» **Directions for this task**:
Verbatim repeat, images excluded. Give each entry again as written.
-- Opening Marker --
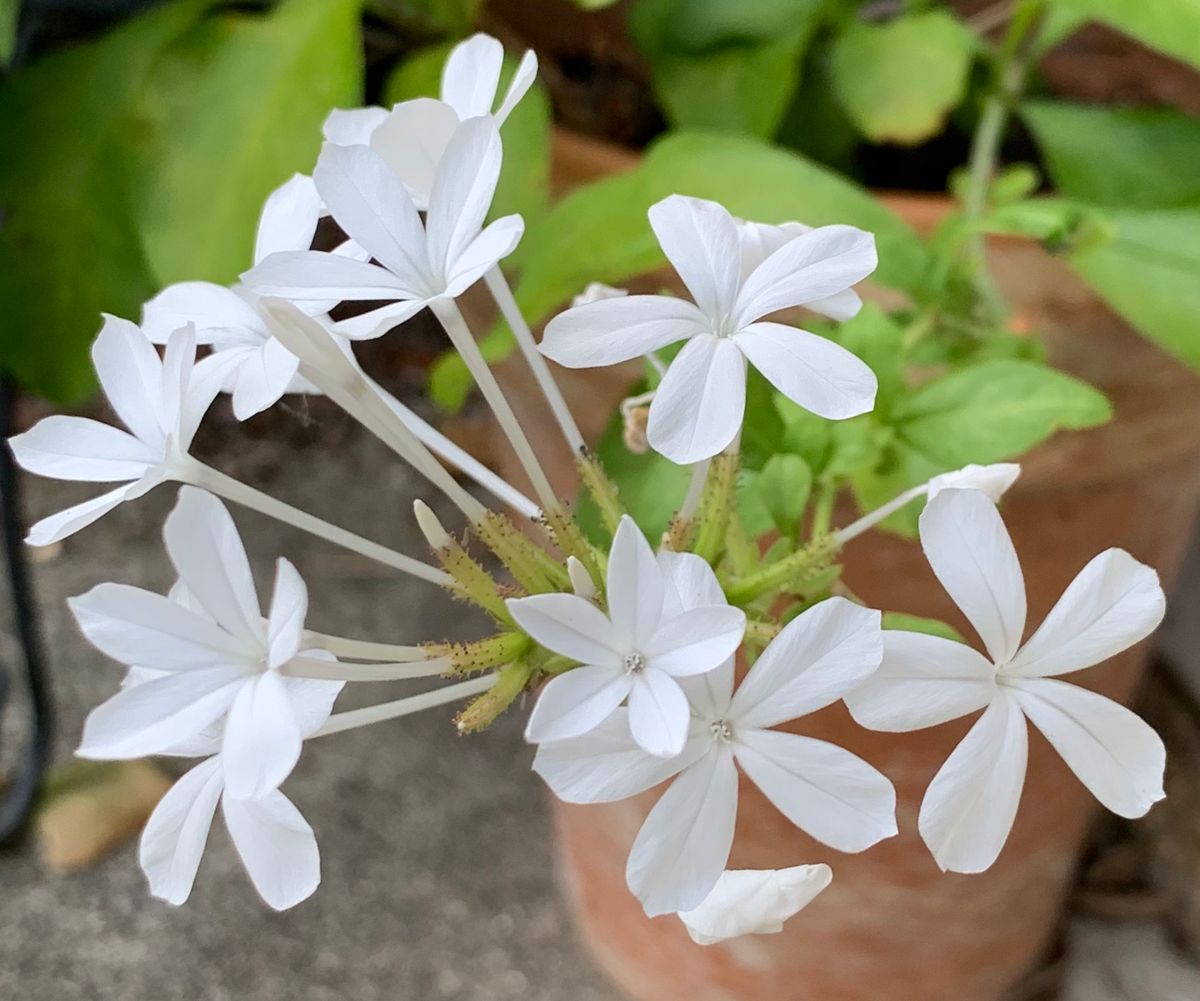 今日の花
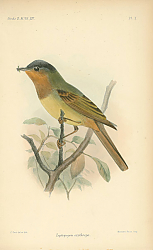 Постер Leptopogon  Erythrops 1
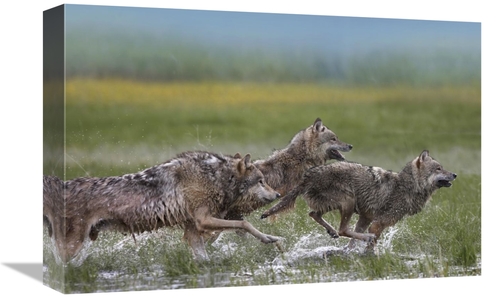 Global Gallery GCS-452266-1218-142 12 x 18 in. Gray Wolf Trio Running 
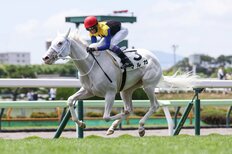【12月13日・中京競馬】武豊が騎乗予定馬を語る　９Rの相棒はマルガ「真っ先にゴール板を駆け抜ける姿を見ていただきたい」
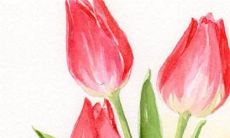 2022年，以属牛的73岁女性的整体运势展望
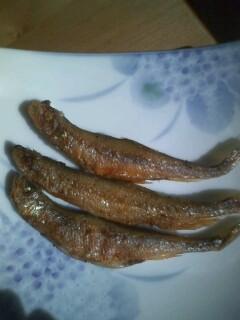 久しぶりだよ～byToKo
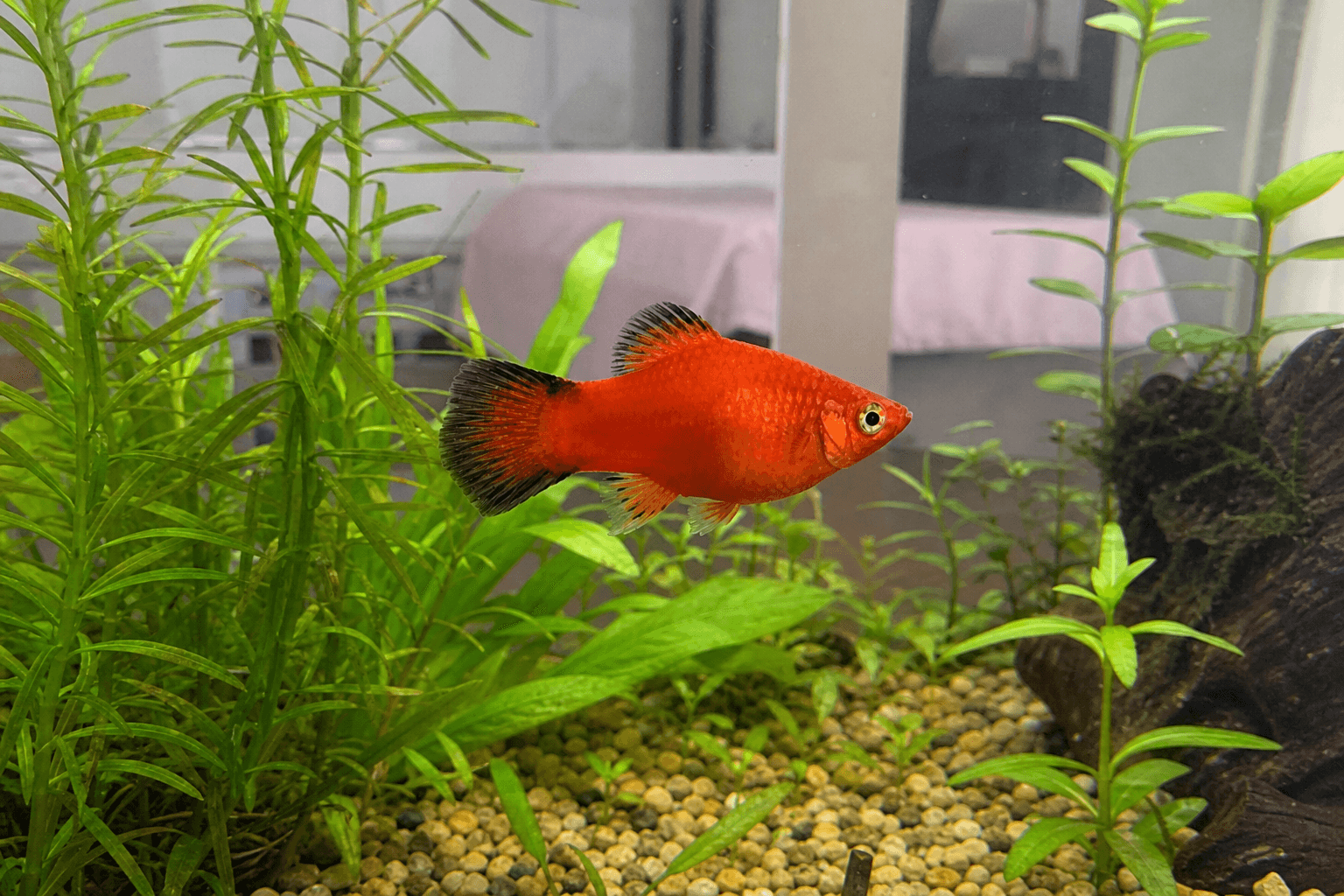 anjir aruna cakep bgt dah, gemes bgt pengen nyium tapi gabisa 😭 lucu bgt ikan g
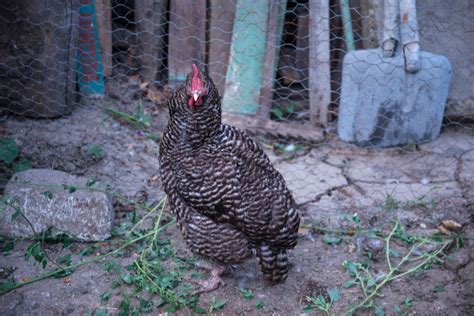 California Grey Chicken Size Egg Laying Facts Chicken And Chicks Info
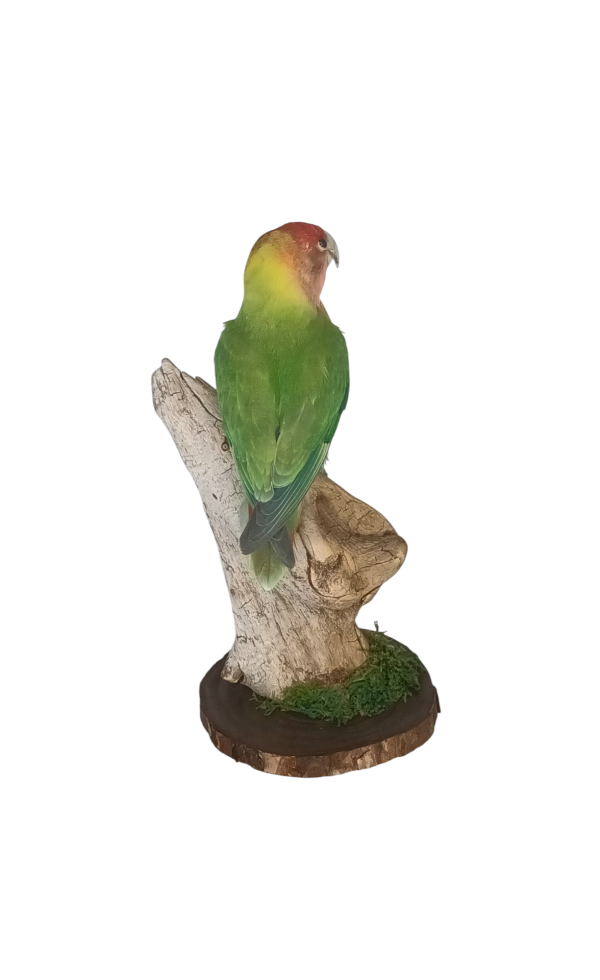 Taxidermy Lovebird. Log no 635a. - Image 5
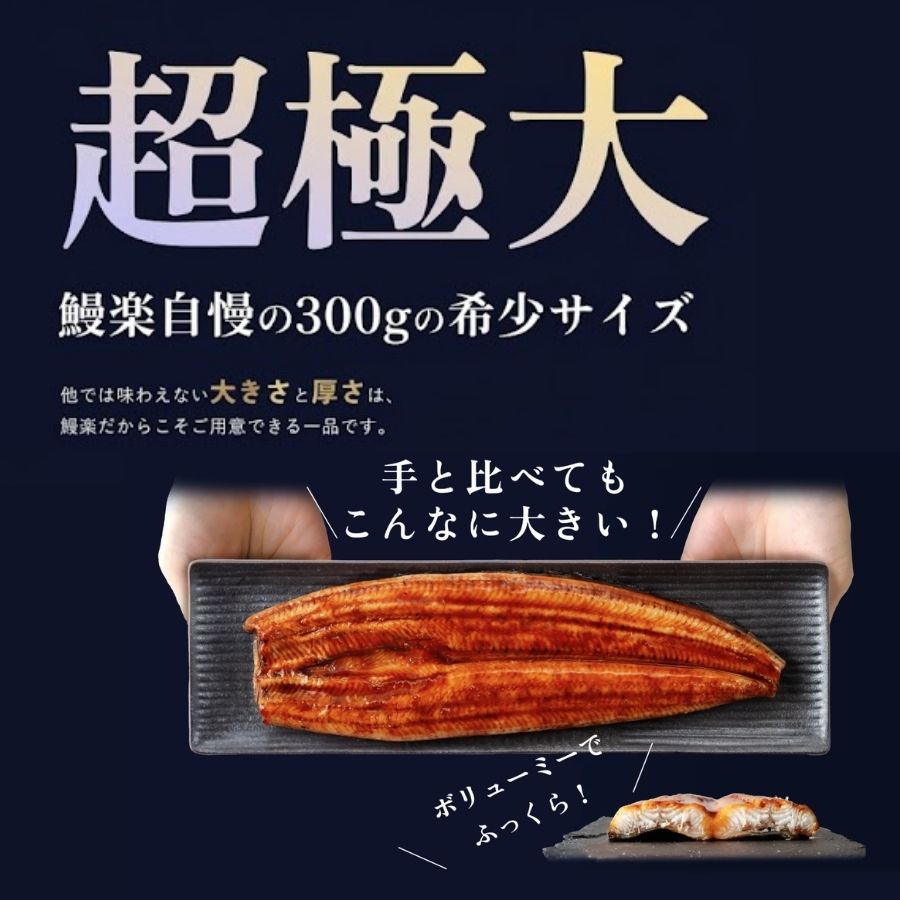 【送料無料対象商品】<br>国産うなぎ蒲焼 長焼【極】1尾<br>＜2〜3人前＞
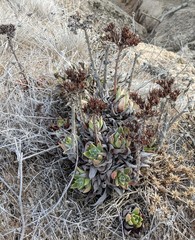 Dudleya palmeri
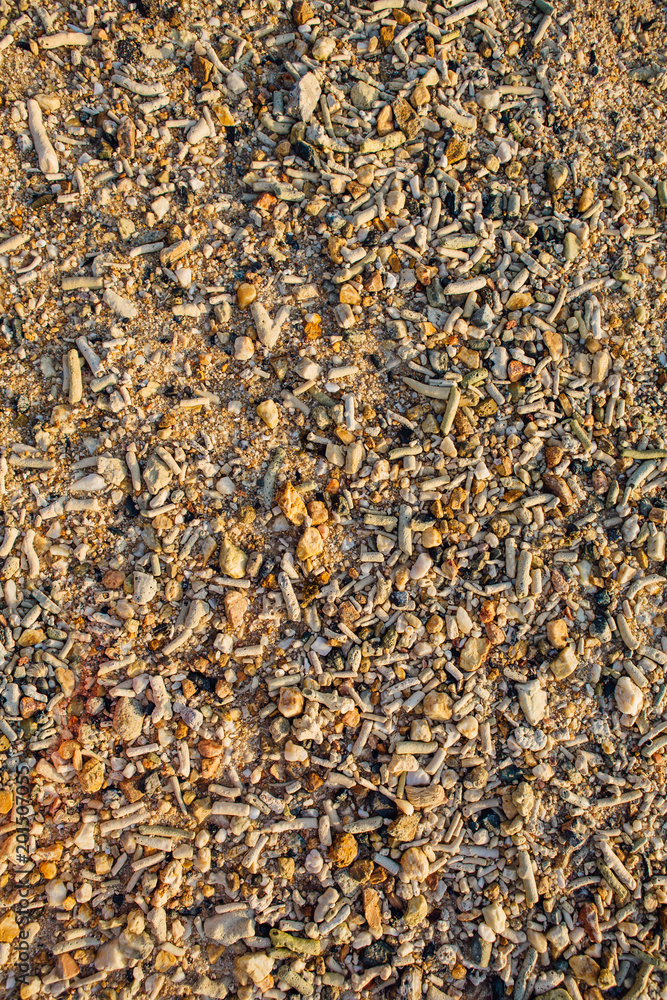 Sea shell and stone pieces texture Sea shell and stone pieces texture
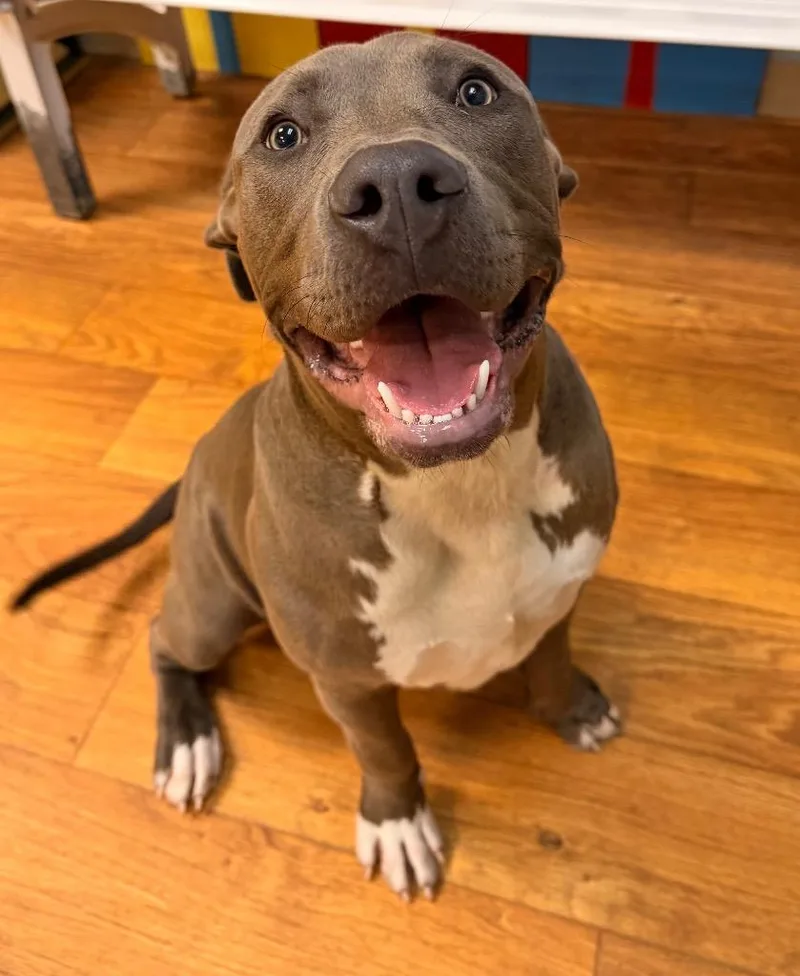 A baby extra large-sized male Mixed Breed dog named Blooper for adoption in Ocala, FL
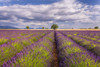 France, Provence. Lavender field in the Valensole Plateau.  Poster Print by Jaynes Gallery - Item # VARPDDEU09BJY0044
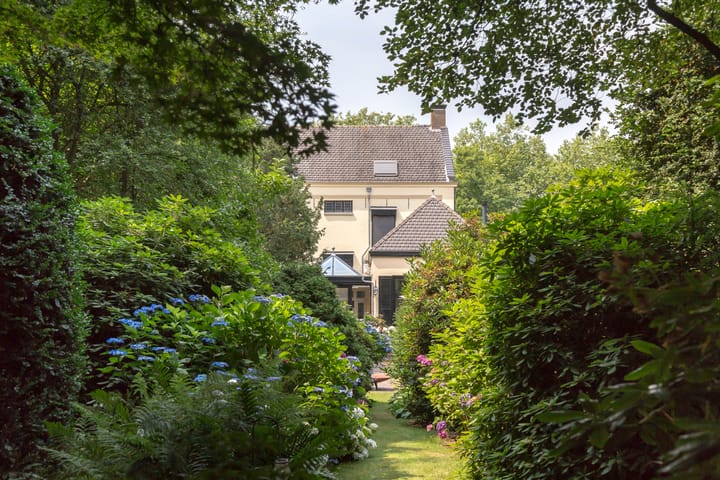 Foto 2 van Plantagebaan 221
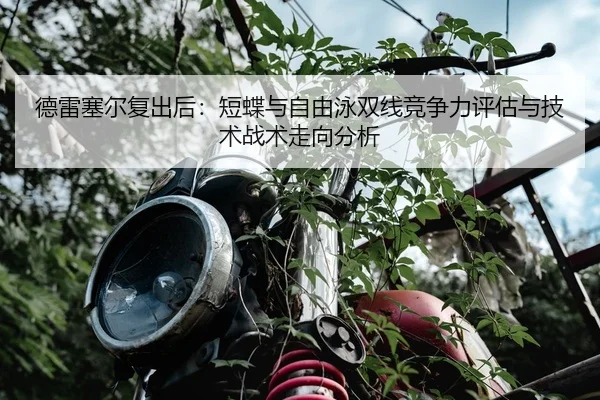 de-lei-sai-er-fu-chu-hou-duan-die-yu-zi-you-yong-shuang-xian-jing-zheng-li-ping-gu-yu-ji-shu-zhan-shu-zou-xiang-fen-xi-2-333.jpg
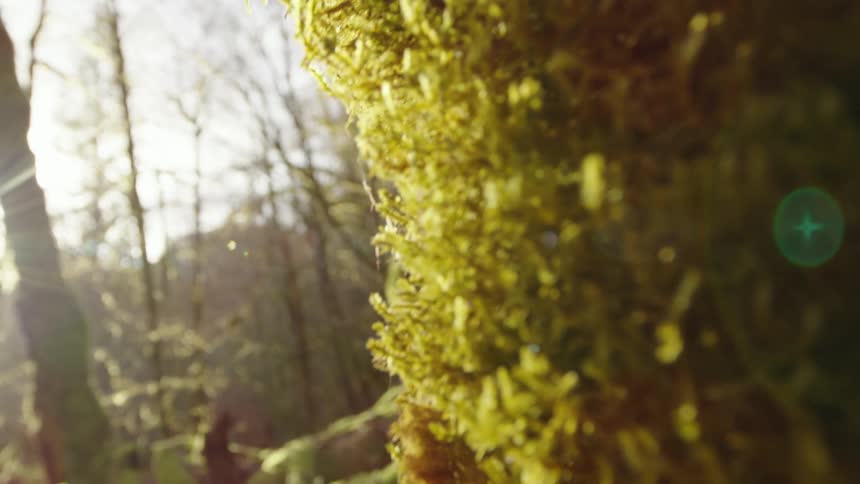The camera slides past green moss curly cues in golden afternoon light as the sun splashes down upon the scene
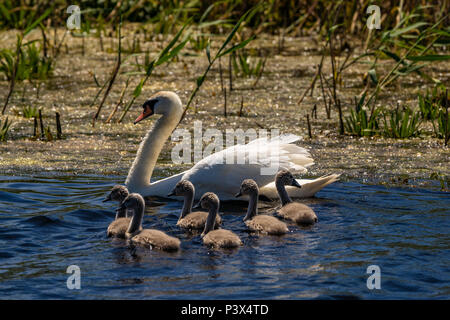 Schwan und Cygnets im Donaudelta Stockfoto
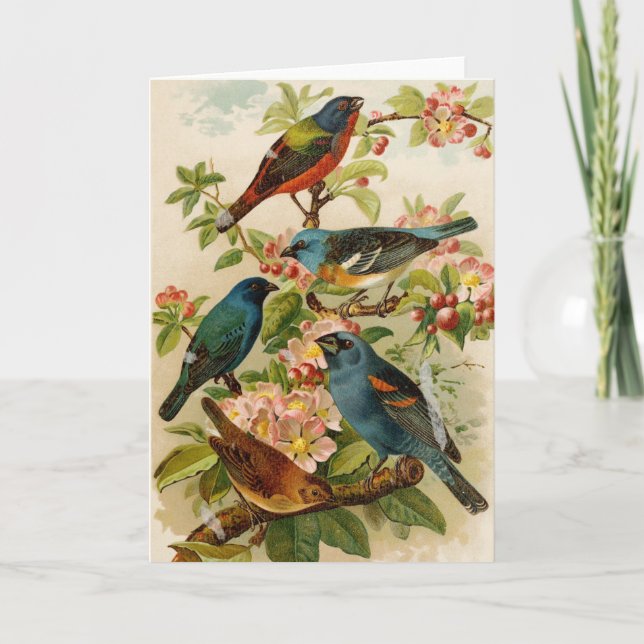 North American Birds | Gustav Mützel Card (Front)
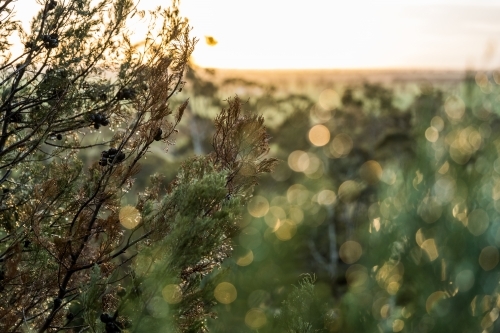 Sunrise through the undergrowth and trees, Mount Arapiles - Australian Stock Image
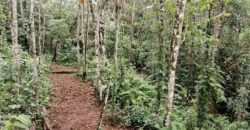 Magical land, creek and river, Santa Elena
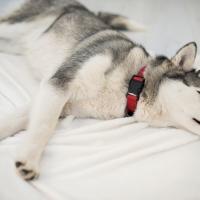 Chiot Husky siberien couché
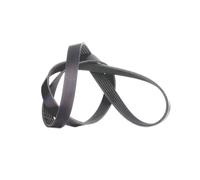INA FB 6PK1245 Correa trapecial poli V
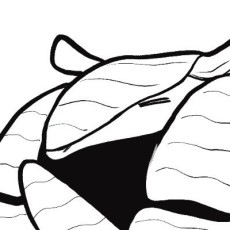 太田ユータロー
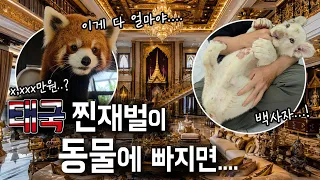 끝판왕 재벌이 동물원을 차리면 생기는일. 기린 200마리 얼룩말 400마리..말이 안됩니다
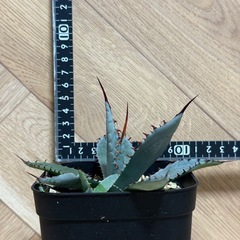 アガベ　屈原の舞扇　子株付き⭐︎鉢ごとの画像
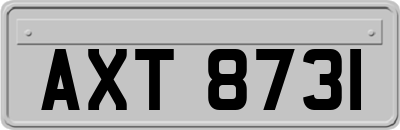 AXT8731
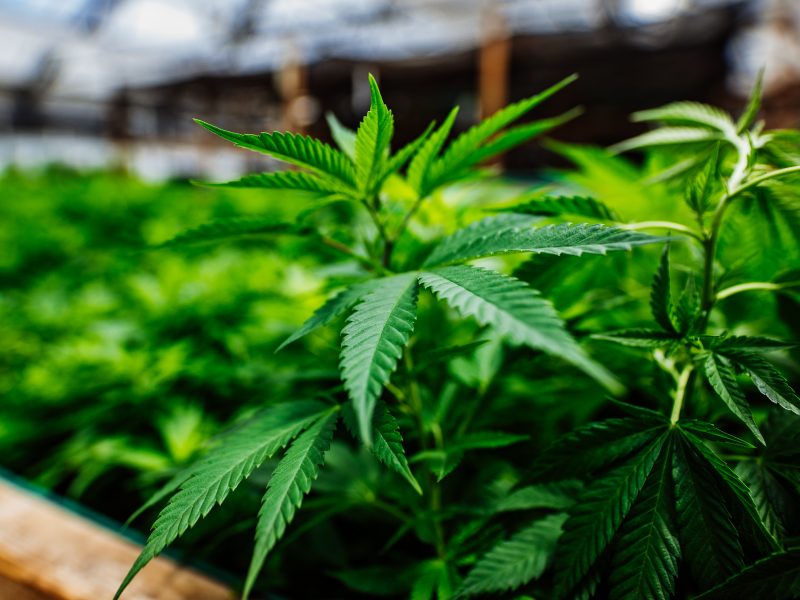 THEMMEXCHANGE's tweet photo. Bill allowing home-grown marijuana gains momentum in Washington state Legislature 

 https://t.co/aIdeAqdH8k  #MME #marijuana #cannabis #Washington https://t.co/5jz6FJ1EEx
-- Closing Marker --
» **Output**:
 今日の花
 Постер Leptopogon  Erythrops 1
 Global Gallery GCS-452266-1218-142 12 x 18 in. Gray Wolf Trio Running 
【12月13日・中京競馬】武豊が騎乗予定馬を語る　９Rの相棒はマルガ「真っ先にゴール板を駆け抜ける姿を見ていただきたい」
 2022年，以属牛的73岁女性的整体运势展望
 久しぶりだよ～byToKo
 anjir aruna cakep bgt dah, gemes bgt pengen nyium tapi gabisa 😭 lucu bgt ikan g
 California Grey Chicken Size Egg Laying Facts Chicken And Chicks Info
 Taxidermy Lovebird. Log no 635a. - Image 5
 【送料無料対象商品】<br>国産うなぎ蒲焼 長焼【極】1尾<br>＜2〜3人前＞
 Dudleya palmeri
 Sea shell and stone pieces texture Sea shell and stone pieces texture
 A baby extra large-sized male Mixed Breed dog named Blooper for adoption in Ocala, FL
 France, Provence. Lavender field in the Valensole Plateau.  Poster Print by Jaynes Gallery - Item # VARPDDEU09BJY0044
 Foto 2 van Plantagebaan 221
 de-lei-sai-er-fu-chu-hou-duan-die-yu-zi-you-yong-shuang-xian-jing-zheng-li-ping-gu-yu-ji-shu-zhan-shu-zou-xiang-fen-xi-2-333.jpg
The camera slides past green moss curly cues in golden afternoon light as the sun splashes down upon the scene
 Schwan und Cygnets im Donaudelta Stockfoto
 North American Birds | Gustav Mützel Card (Front)
 Sunrise through the undergrowth and trees, Mount Arapiles - Australian Stock Image
 Magical land, creek and river, Santa Elena
 Chiot Husky siberien couché
INA FB 6PK1245 Correa trapecial poli V
 太田ユータロー
 끝판왕 재벌이 동물원을 차리면 생기는일. 기린 200마리 얼룩말 400마리..말이 안됩니다
 アガベ　屈原の舞扇　子株付き⭐︎鉢ごとの画像
 AXT8731
 THEMMEXCHANGE's tweet photo. Bill allowing home-grown marijuana gains momentum in Washington state Legislature 

 https://t.co/aIdeAqdH8k  #MME #marijuana #cannabis #Washington https://t.co/5jz6FJ1EEx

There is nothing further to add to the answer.